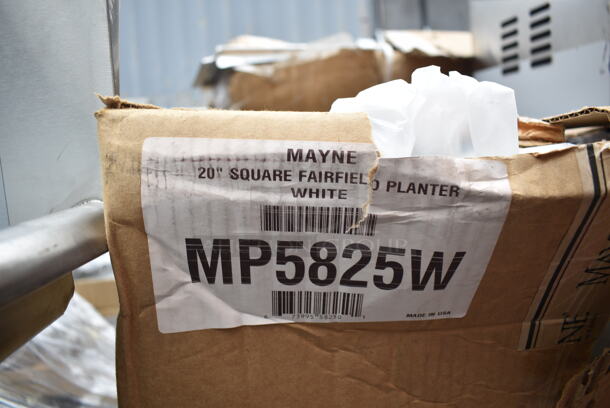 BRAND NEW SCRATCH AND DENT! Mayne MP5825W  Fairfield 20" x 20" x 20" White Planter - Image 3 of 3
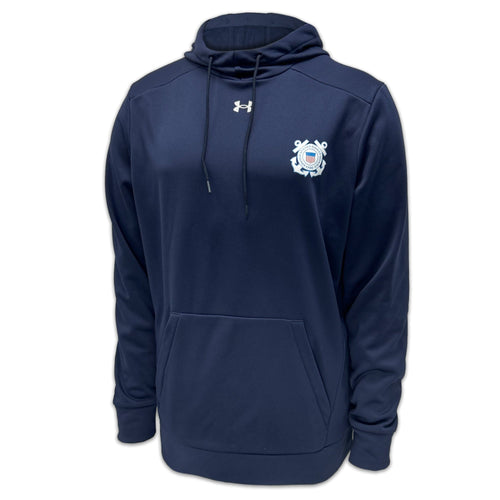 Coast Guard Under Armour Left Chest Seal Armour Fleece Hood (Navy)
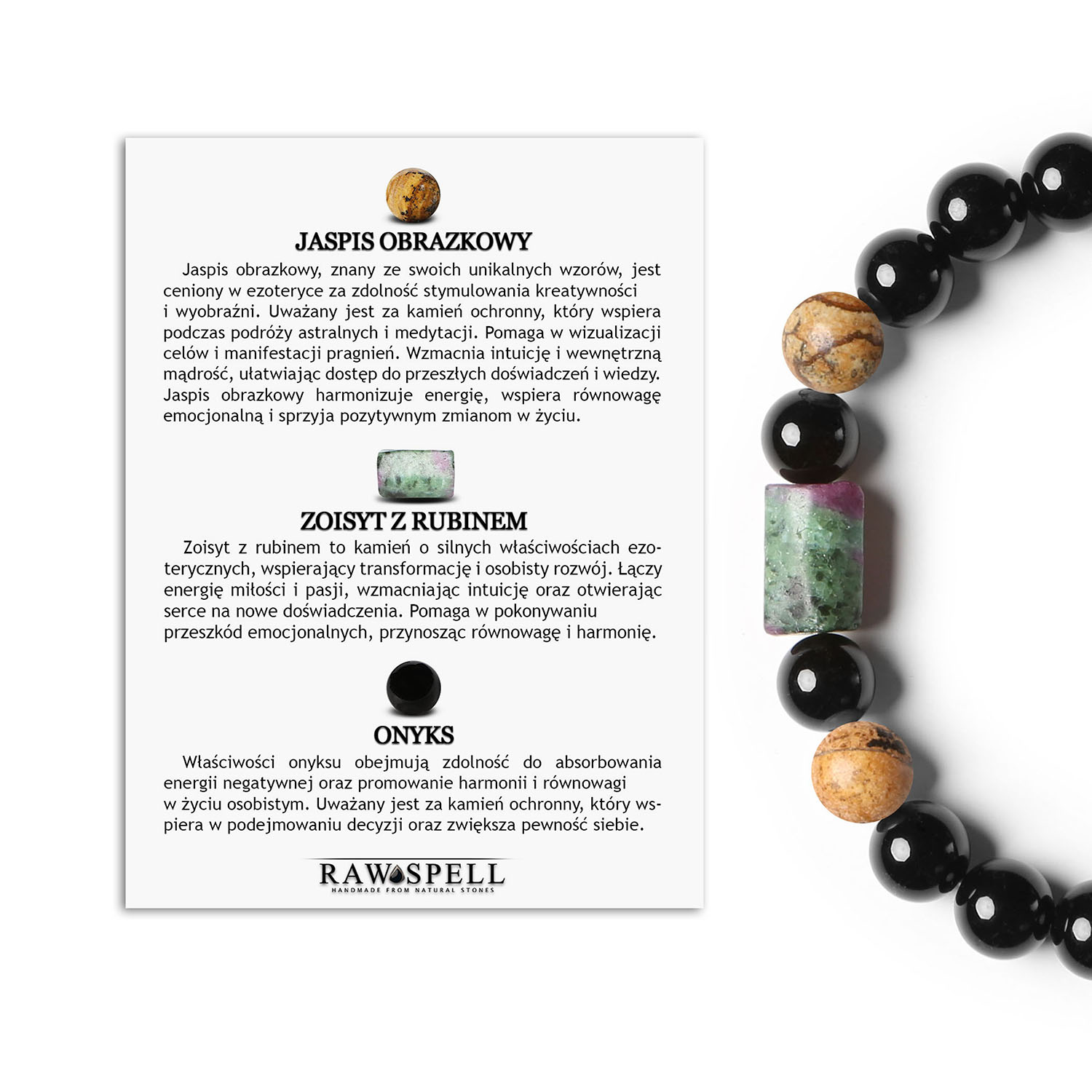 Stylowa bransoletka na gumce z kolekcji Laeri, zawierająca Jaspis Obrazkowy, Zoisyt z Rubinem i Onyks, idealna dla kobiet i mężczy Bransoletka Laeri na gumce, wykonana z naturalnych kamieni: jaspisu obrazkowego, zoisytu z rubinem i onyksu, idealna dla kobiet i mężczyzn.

━━━━━━━━━━

§ Task item
Pictures should not appear in the copy. Write out exactly the lines above from the first one through the line that contains "Coast Guard Under".

§ Solution
 BRAND NEW SCRATCH AND DENT! Mayne MP5825W  Fairfield 20" x 20" x 20" White Planter - Image 3 of 3
 Coast Guard Under Armour Left Chest Seal Armour Fleece Hood (Navy)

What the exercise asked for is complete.